Full technical specification — architecture, cold-start strategy, benchmarks, decisions & runbook.

Owner: erik@boson.aiStatus: Implementation-readyScope: inference / rendering

Modal Burst-Overflow Scalability Plan

Owner: erik@boson.ai Last updated: 2026-06-29 Status: Design resolved — renderer = async video job (returns MP4), invoked via spawn(); C1/C2 closed. Remaining gate: real-image validation (no real-workload numbers yet). Ready to prototype.


Provenance of figures. Every number is tagged so none is taken on faith:

  • [M-platform] — Modal platform behaviour we observed this session using a synthetic stand-in container (a cheap debian_slim CPU container with a time.sleep() as fake work). It validates Modal's scheduler/autoscaler, not our real image, model, GPU, or render.
  • [D] — Modal published docs. · [T] — team-provided. · [E] — estimate (illustrative).

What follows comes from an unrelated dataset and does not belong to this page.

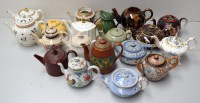 Lot 162 - Bachelor and other small teapots, makers...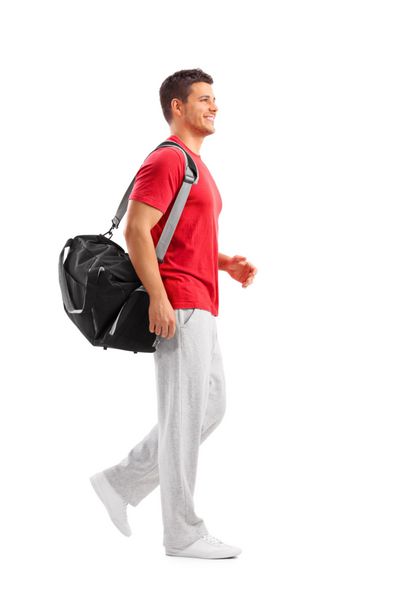 پرتره تمام قد از یک ورزشکار مرد که با یک کیف ورزشی جدا شده روی پس‌زمینه سفید راه می‌رود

⚠️ No real-workload numbers exist yet. Cold-start time, per-GPU render concurrency, throughput, GPU-OOM behaviour, snapshot speedup, and $/render all require deploying the real 75 GB image on a GPU — not yet done. Every [M-platform] figure reflects Modal mechanics with a stand-in, never the renderer.

Tag inventory:

  • [M-platform]: scale 0→12→0, 15-req→9-container fan-out, region pin us-eastus-east-2, 0.92 GB/s Volume read (3 GB file, CPU box).
  • [T]: 75 GB image, ~40 GB VRAM, FP8, 16k context, $100k/mo budget.
  • [D]: "<1s" container start, 3–10× snapshot speedup, 1.5×/1.75× region premium, 1–2 GB/s Volume, ≤5 proxy IPs, 150s web timeout.
  • [E]: §2 K8s-vs-Modal cold-start ranges, SGLang init time, the ~43s weight-load extrapolation.

Design-review resolutions#

  • C1 — workload identity → RESOLVED. The Modal renderer is an async video job: it takes a render request and returns the finished MP4. SGLang is the internal token backbone; the renderer's external interface is the video job, not an OpenAI/streaming endpoint.
  • C2 — render transport → RESOLVED. Use function invocation via spawn() (function timeout, not the 150s web limit [D]). Auth = Modal API token on the control plane (D7). §14/§15 reflect this.
  • H1/H2 — GPU/snapshot: narrowed to one validated GPU type (snapshots are alpha + hardware-specific; L40S marginal). See D3/D5.
  • H4 — spillover/back-pressure: designed in §16 (was a checkbox).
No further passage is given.